Par ailleurs, l’occupation temporaire joue aussi un rôle dans cette exclusion sociale en modifiant l’image générale du quartier. Dans les mots de Mathieu Vanwelde, chargé de projets à SAW-B, dans son analyse Les multiples visages de l’occupation temporaire, «ces projets mettent en avant les aspects positifs pour les quartiers, qui se voient redynamisés […] Cela leur permet de jouir d’un certain capital sympathie» et «d’améliorer l’image du quartier et son attractivité». Maxime, ancien occupant du Circularium, confirme ces propos: «On a tous l’impression qu’il y a beaucoup de projets qui drainent du monde de l’extérieur et donc ça gentrifie en quelque sorte le quartier en le rendant plus attractif à d’autres couches sociales.»

But ultime: la plus-value

«On n’a pas candidaté à l’appel à projets parce qu’on y voyait une tentative de la part de D’Ieteren de mettre son bâtiment en réflexion le temps qu’il y ait un grand plan de réaménagement dans le quartier et, je pense, pour pouvoir obtenir une plus grande plus-value sur leur bâtiment par la suite», nous explique Antoine Dutrieu de Communa.
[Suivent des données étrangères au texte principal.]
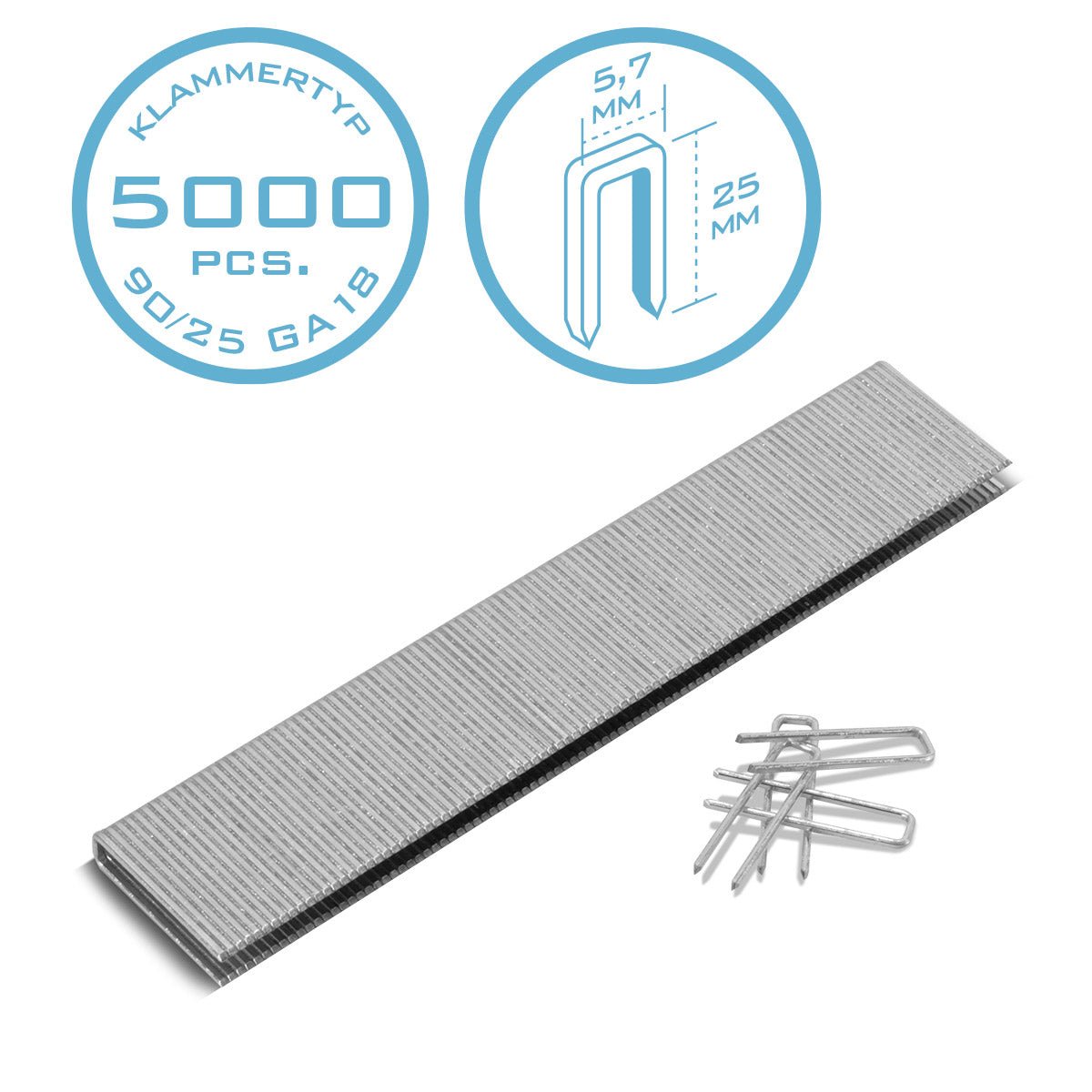 STAHLWERK Heftklammern Typ 90 (1,25 x 1,0 mm) mit 25 mm Länge im 5000er Set | Tackerklammern | Klammern für Handtacker, Drucklufttacker und Elektrotacker Typ 90 25 mm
Occupants du lieu, riverains, experts, concurrents…: nombreux sont ceux et celles qui spéculent sur le futur de ces deux hectares dans ce quartier en plein renouveau urbain (avec le Plan Canal, le PAD Heyvaert et le CRU Poincaré-Heyvaert) et à la lisière de l’hypercentre. En effet, une occupation temporaire est par essence un moyen de mettre un bâtiment en transition. Qui dit transition, dit un «après».

Gery Olbrechts, le représentant de D’Ieteren Immo, est transparent sur cette transition: «Le but de l’immobilière est de constituer un patrimoine immobilier sur du long terme […] Il y a beaucoup de projets résidentiels qui se font dans le quartier aujourd’hui et nous restons attentifs pour voir quels types d’acteurs et d’habitants vont arriver, comment ça se passe chez les voisins […] En tant qu’immobilière, on devra tôt ou tard investir dans ce bâtiment, nous ne savons juste pas encore sous quelle forme.» La mise en occupation temporaire déguise bien une transition arrangeante financièrement, tout en assurant au propriétaire le choix de la façon la plus rentable de réaffecter le lieu par la suite.

Occupants du lieu, riverains, experts, concurrents…: nombreux sont ceux et celles qui spéculent sur le futur de ces deux hectares dans ce quartier en plein renouveau urbain (avec le Plan Canal, le PAD Heyvaert et le CRU Poincaré-Heyvaert) et à la lisière de l’hypercentre.

Deux rues plus loin, Abdellilah, qui nous faisait part de son inquiétude quant à l’inaccessibilité croissante du logement dans son quartier, remarque déjà des voisins qui vendent au plus offrant: «À chaque fois qu’il y en a un qui quitte, c’est une maison de perdue. Et puis c’est 1+1+1, ils rasent tout et les prix montent. Et puis d’un coup, nous sommes tous partis.» Le quartier Heyvaert est ciblé par plusieurs plans de rénovation urbaine qui rendent le quartier plus agréable à vivre mais aussi plus attractif et qui mènent donc à une «gentrification prenant racine avec force» selon Claire Scohier. En parallèle, en travestissant l’occupation temporaire à visée sociale en marché lucratif, en n’incluant pas les riverains dans l’équation, en rendant le quartier plus attractif, en prévoyant une réaffectation à plus-value immobilière du lieu, les occupations temporaires privées comme Circularium participent elles aussi aux transformations urbaines et, indirectement, au déplacement des habitants des quartiers populaires. Pour empêcher ces processus néfastes complexes, Claire Scohier n’identifie qu’une solution: l’intervention des pouvoirs publics.